Extracellular matrix (ECM) proteins are secreted to the exterior of the cell, and function as mediators between resident cells and the external environment. These proteins not only support cellular structure but also participate in diverse processes, including growth, hormonal response, homeostasis, and disease progression. Despite their importance, current knowledge of the number and functions of ECM proteins is limited. Here, we propose a computational method to predict ECM proteins. Specific features, such as ECM domain score and repetitive residues, were utilized for prediction. Based on previously employed and newly generated features, discriminatory characteristics for ECM protein categorization were determined, which significantly improved the performance of Random Forest and support vector machine (SVM) classification. We additionally predicted novel ECM proteins from non-annotated human proteins, validated with gene ontology and earlier literature. Our novel prediction method is available at biosoft.kaist.ac.kr/ecm.
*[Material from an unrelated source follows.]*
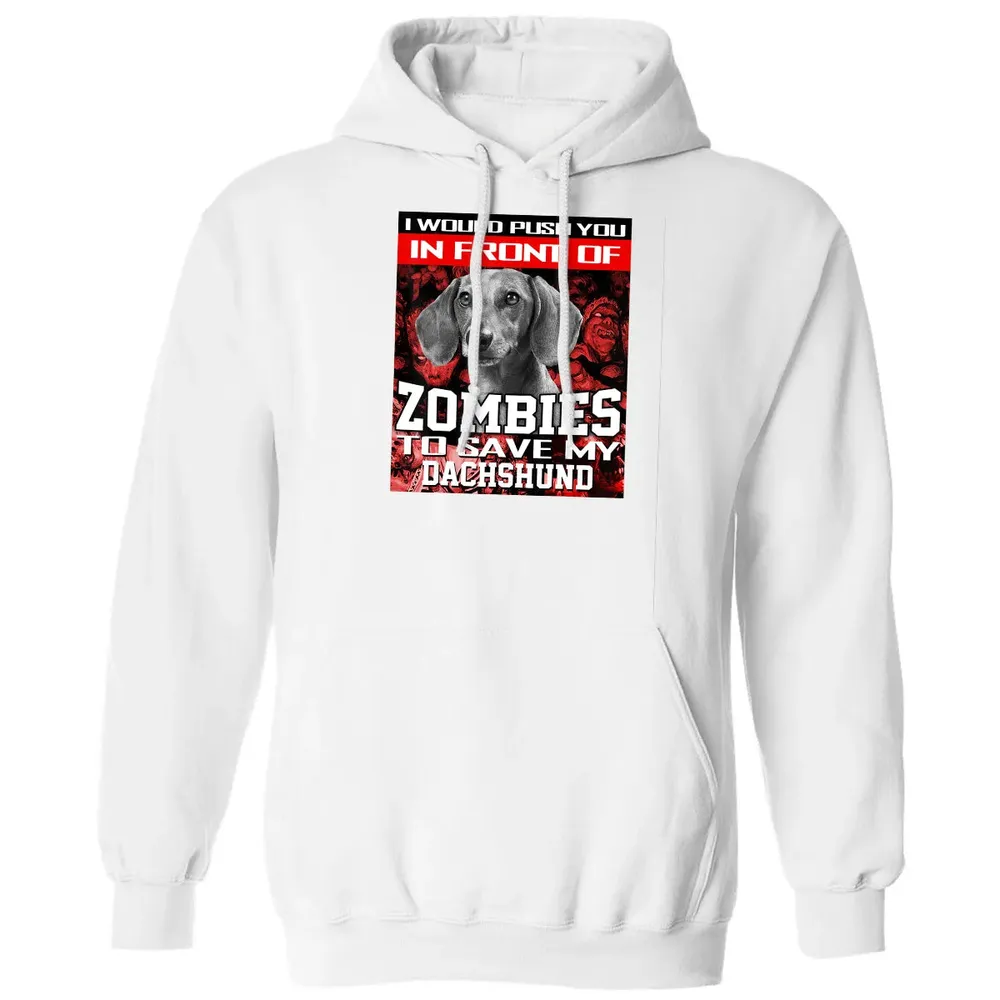 In Front Of Zombies To Save My Dachshund Halloween Saying Classic Unisex Hoodie - 11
Paik, Hyojung, Eunjung Lee, and Doheon Lee. (2010) 2010. “Relationships Between Genetic Polymorphisms and Transcriptional Profiles for Outcome Prediction in Anticancer Agent Treatment.”. BMB Reports 43 (12): 836-41. https://doi.org/10.5483/BMBRep.2010.43.12.836.
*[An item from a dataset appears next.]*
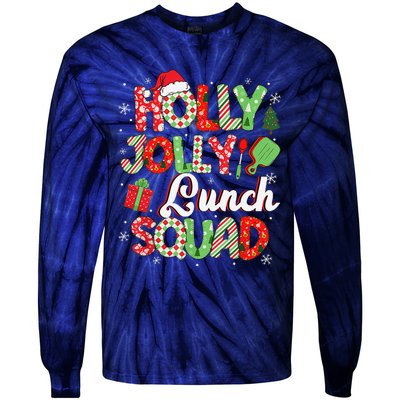 Jolly Lunch Squad Funny Lunch Lady Christmas Lunch Lady Tie-Dye Long Sleeve Shirt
In the era of personal genomics, predicting the individual response to drug-treatment is a challenge of biomedical research. The aim of this study was to validate whether interaction information between genetic and transcriptional signatures are promising features to predict a drug response. Because drug resistance/susceptibilities result from the complex associations of genetic and transcriptional activities, we predicted the inter-relationships between genetic and transcriptional signatures. With this concept, captured genetic polymorphisms and transcriptional profiles were prepared in cancer samples. By splitting ninety-nine samples into a trial set (n = 30) and a test set (n = 69), the outperformance of relationship-focused model (0.84 of area under the curve in trial set, P = 2.90 x 10⁻⁴) was presented in the trial set and validated in the test set, respectively. The prediction results of modeling show that considering the relationships between genetic and transcriptional features is an effective approach to determine outcome predictions of drug-treatment.

2009

Lee, Eunjung, Hyunchul Jung, Predrag Radivojac, Jong-Won Kim, and Doheon Lee. (2009) 2009. “Analysis of AML Genes in Dysregulated Molecular Networks.”. Summit on Translational Bioinformatics 2009: 1-18.

BACKGROUND: Identifying disease causing genes and understanding their molecular mechanisms are essential to developing effective therapeutics. Thus, several computational methods have been proposed to prioritize candidate disease genes by integrating different data types, including sequence information, biomedical literature, and pathway information. Recently, molecular interaction networks have been incorporated to predict disease genes, but most of those methods do not utilize invaluable disease-specific information available in mRNA expression profiles of patient samples.

RESULTS: Through the integration of protein-protein interaction networks and gene expression profiles of acute myeloid leukemia (AML) patients, we identified subnetworks of interacting proteins dysregulated in AML and characterized known mutation genes causally implicated to AML embedded in the subnetworks. The analysis shows that the set of extracted subnetworks is a reservoir rich in AML genes reflecting key leukemogenic processes such as myeloid differentiation,

CONCLUSION: We showed that the integrative approach both utilizing gene expression profiles and molecular networks could identify AML causing genes most of which were not detectable with gene expression analysis alone due to their minor changes in mRNA.